In this study of healthy Indian school-age children born in one maternity unit, cognitive scores were higher among ODM’s than controls. Both maternal GDM and higher cognitive performance in the children were associated with higher parental education and/or SES. However, the associations of GDM with better offspring learning, long-term storage/retrieval and verbal ability remained statistically significant after adjusting for these and all other potential confounding factors measured.
Strengths of the study were that we measured a battery of cognitive function tests specifically adapted for, and validated in, a South-Indian population and also collected data on a range of potential covariates/confounders. Limitations in our study were a relatively small number of ODM’s, lack of data on the severity of GDM and treatment, maternal diet and no information on parental intelligence and/or the home environment.
A recent case-control study reported a higher risk of language impairment in ODM’s compared to controls [2
]. A recent review has reported no difference in cognitive ability among children born to mothers with or without GDM; however, compared to controls, ODM’s performed less well in fine and gross motor functions. Further, this review reported inverse associations of offspring intelligence scores, attention, language development, learning, memory-span and mental and psychomotor development with the severity of GDM assessed by glycosylated haemoglobin level and ketonuria, suggesting that offspring cognitive performance could be within normal limits in well-controlled GDM [3
]. The reasons for our finding of higher cognitive function in ODM’s may be that there were no cases of severe or uncontrolled GDM in our study and/or that we were unable to completely adjust for the fact that in our population GDM was associated with higher maternal education, urban residence (and thus better schooling) and better childhood nutritional status (ODM’s had higher BMI). This effect may not be evident in studies in industrialized populations, where GDM tends to be associated with lower SES and lower maternal education [2
]. Alternatively, the fetus of a mother with GDM is exposed to higher concentrations of glucose and fatty acids transferred across the placenta from the maternal circulation [10
]. Theoretically these could enhance brain development. This is perhaps supported by our findings of positive association of maternal 120-minutes glucose concentrations with verbal ability and long-term retrieval/storage among controls; unfortunately we do not have data on maternal circulating fatty acids.

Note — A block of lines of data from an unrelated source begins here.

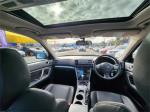 2009 Subaru Liberty Sedan Heritage B4 MY09
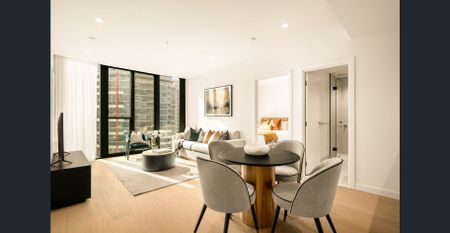4 Weeks Rent Free* - Madison Grand - Unapologetic Luxury Has a New Address. Now Leasing – Residences in Southbank. - Photo 2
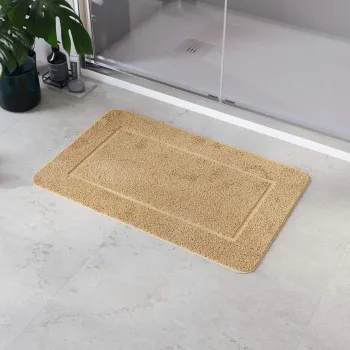 Коврик для ванной RGW BM-009 бежевый 6241009-103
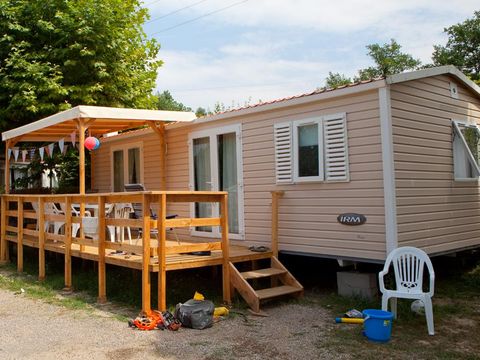 MOBILHOME 6 personnes - VISIO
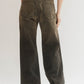  - Order sales Until 13:00 on the 5th - denim baggy pants/3color(Shipping 10/7~) - KNUTH MARF
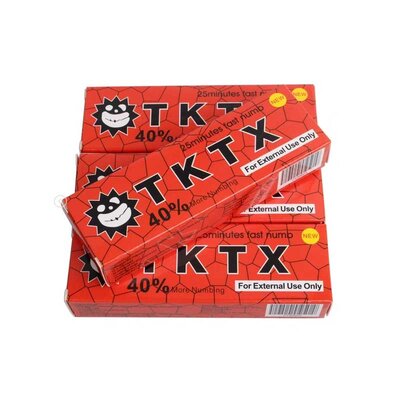 پماد بی حسی تاتو  TKTX
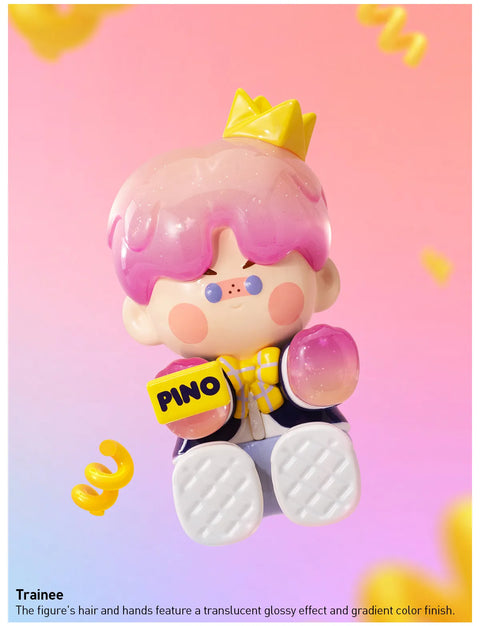 Popmart Pino Jelly Star Project Blind Box Series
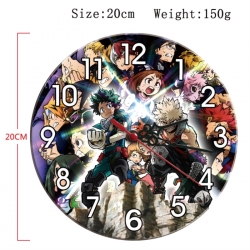 My Hero Academia Anime print a...
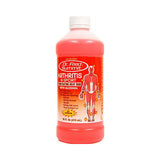 Dr. Fred Summit Arthritis & Sport Heat Rub 16 Fl Oz (Pack of 12)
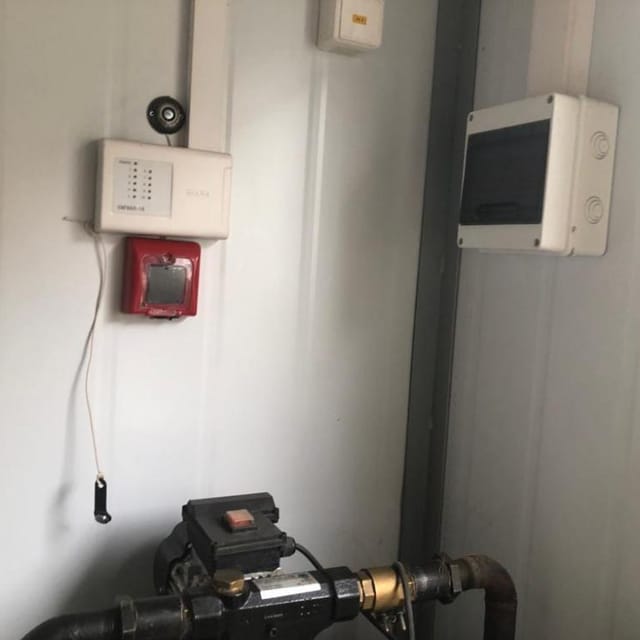 Генератор газовый 300кВт инв.9169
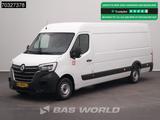 Renault Master 145PK L4H2 Airco Cruise Camera Parkeersen - Renault Master l4h2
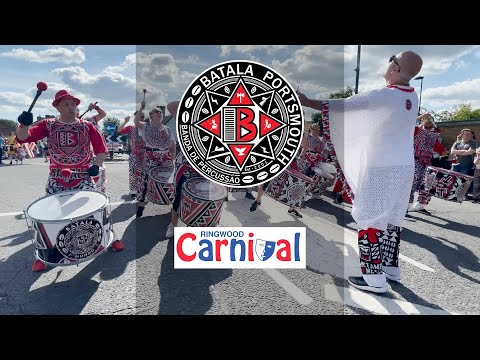 Batala Portsmouth - Ringwood Carnival 2022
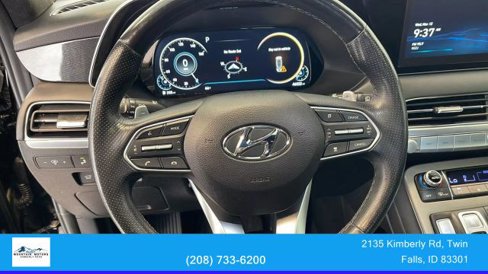 Used 2022 Hyundai Palisade Calligraphy w/ Cargo Package image 18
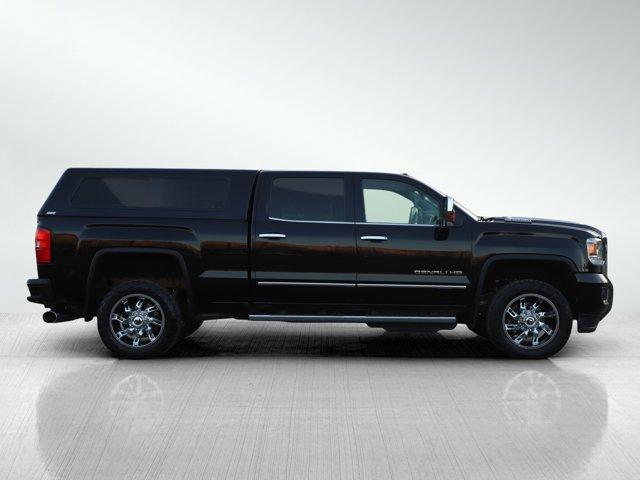 used 2017 GMC Sierra 2500 car, priced at $46,500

In conclusion, in this population of healthy Indian children, there was no evidence of lower cognitive ability in ODM’s. In fact some cognitive scores (two of the six cognitive parameters tested) were higher in ODM’s. This may be due to residual confounding. Although we adjusted for a number of confounding factors, no SES score can perfectly capture all the effects of SES, especially in India, which has a wide range of SES. Even in the SES matched analysis there were significant differences in other important factors, such as maternal education, age and BMI and child’s birthweight and current BMI, between cases and controls. Alternatively the difference may be due to biological effect. The study suggests for further research to examine the relationship between GDM and offspring cognitive ability in larger studies.